## Task instructions
Write out all the entries word for word, but skip any images.

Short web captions

* * * * * * *

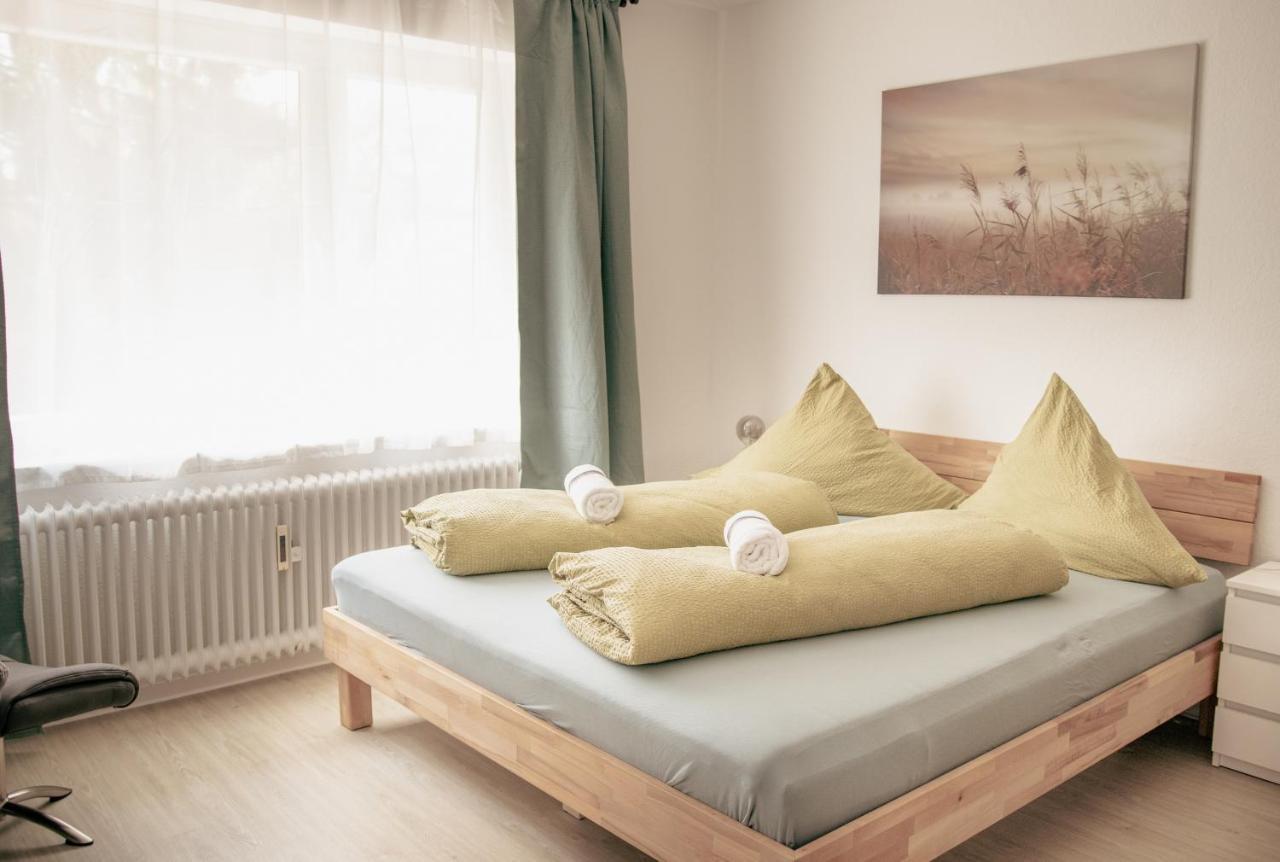 Apartment Stilvolle 2 Schlafzimmer Heidegarten, Osterheide, Zentrum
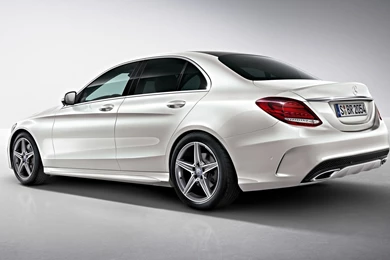 Design Of The Car Mercedes C Class 2014 Wallpapers And Images ...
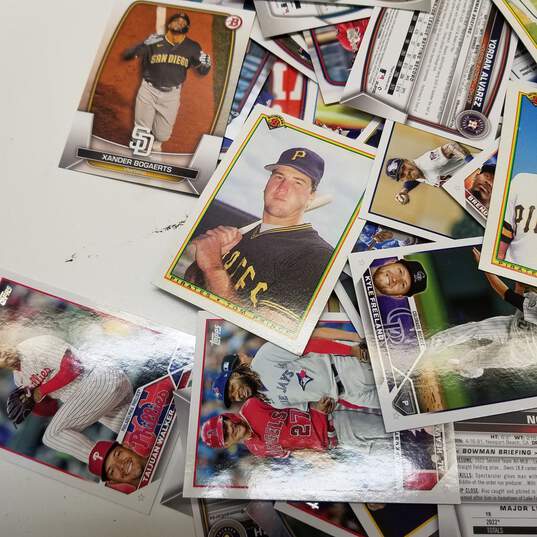 Baseball Cards Misc. Box Lot image number 5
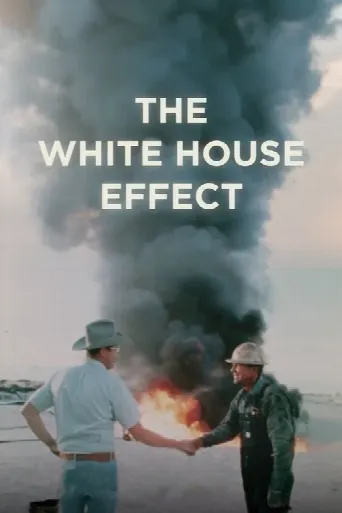 The White House Effect (2024) poster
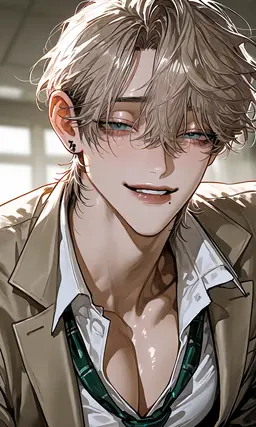 Profile image of 白銀 優斗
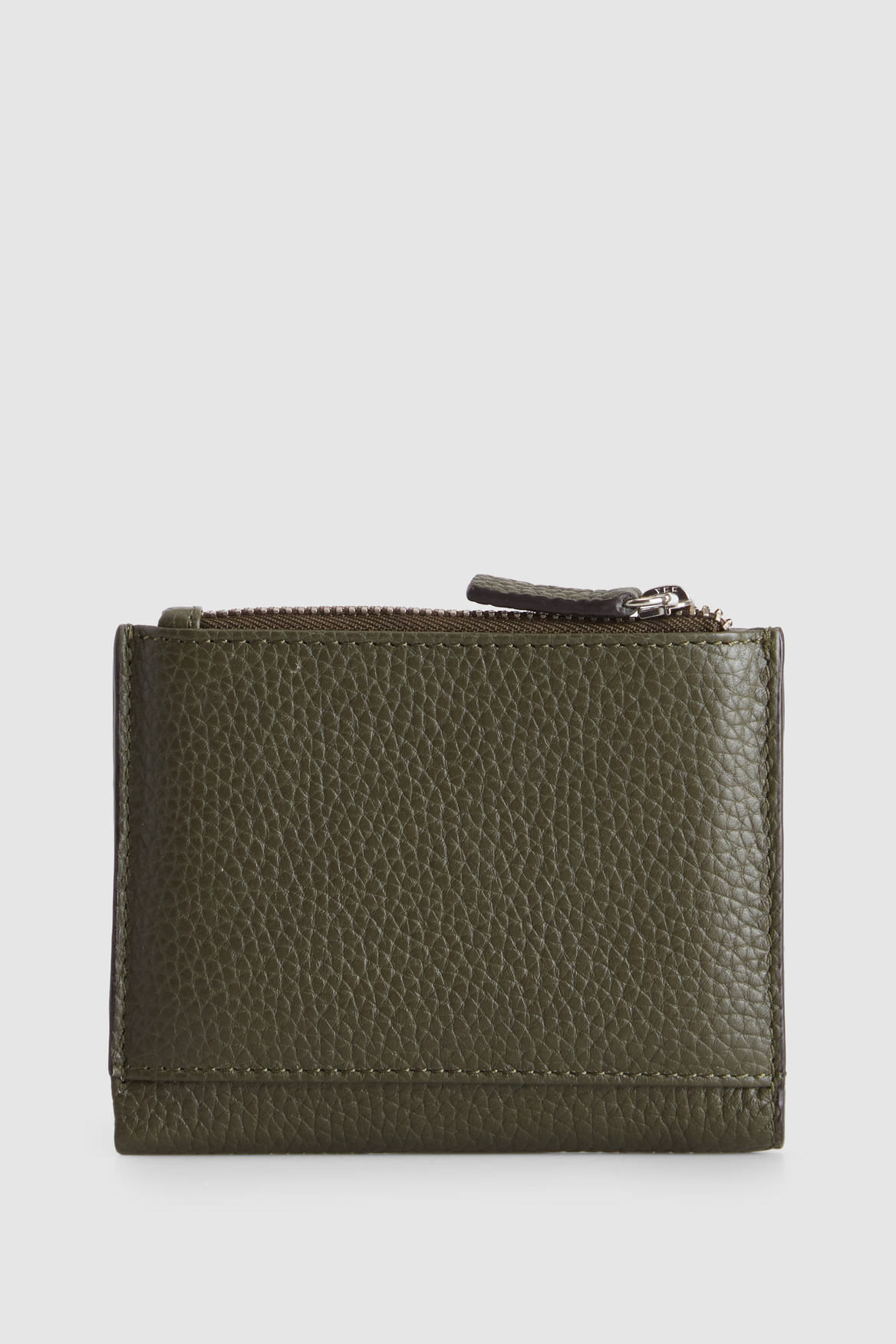 Grace Genuine Leather Slim Small Wallet for Women - Compact & Stylish Card Holder for Everyday Use, Travel, and Minimalist Lifestyle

* * * * * * *

## Response area
 Apartment Stilvolle 2 Schlafzimmer Heidegarten, Osterheide, Zentrum
 Design Of The Car Mercedes C Class 2014 Wallpapers And Images ...
 Baseball Cards Misc. Box Lot image number 5
 The White House Effect (2024) poster
 Profile image of 白銀 優斗
 Grace Genuine Leather Slim Small Wallet for Women - Compact & Stylish Card Holder for Everyday Use, Travel, and Minimalist Lifestyle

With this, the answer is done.